Splitting up continuous variables is generally a bad idea. In terms of statistical efficiency, the popular practice of dichotomising continuous variables at their median is comparable to throwing out a third of the dataset. Moreover, statistical models based on split-up continuous variables are prone to misinterpretation: threshold effects are easily read into the results when, in fact, none exist. Splitting up, or ‘binning’, continuous variables, then, is something to avoid. But what if you’re interested in how the effect of one continuous predictor varies according to the value of another continuous predictor? In other words, what if you’re interested in the interaction between two continuous predictors? Binning one of the predictors seems appealing since it makes the model easier to interpret. However, as I’ll show in this blog post, it’s fairly straightforward to fit and interpret interactions between continuous predictors.

Data

To keep things easy, I will use a simulated dataset with two continuous predictors (pred1 and pred2) and one continuous outcome. The dataset is available here.

df <- read.csv("http://homeweb.unifr.ch/VanhoveJ/Pub/Data/example_interaction.csv")

Exploratory plots

First, let’s draw some quick graphs to get a sense of how the predictors and the outcome are related.

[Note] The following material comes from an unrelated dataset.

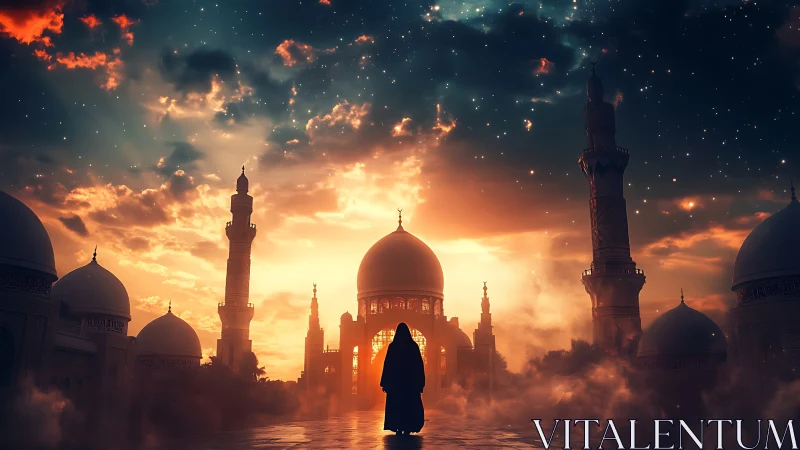Silhouetted figure stands before domed mosque at sunset sky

# 3 plots next to each other
par(mfrow = c(1, 3))

# Intercorrelation pred1/pred2
plot(pred2 ~ pred1, df)
lines(lowess(df$pred1, df$pred2), col = "red")

# Pred1 vs. outcome
plot(outcome ~ pred1, df)
lines(lowess(df$pred1, df$outcome), col = "red")

# Pred2 vs. outcome
plot(outcome ~ pred2, df)
lines(lowess(df$pred2, df$outcome), col = "red")

center

# Normal plotting again
par(mfrow = c(1, 1))

Left: The predictors are negatively correlated with each other. Middle: pred1 is negatively correlated with the outcome. Right: pred2 seems to be nonlinearly correlated with the outcome..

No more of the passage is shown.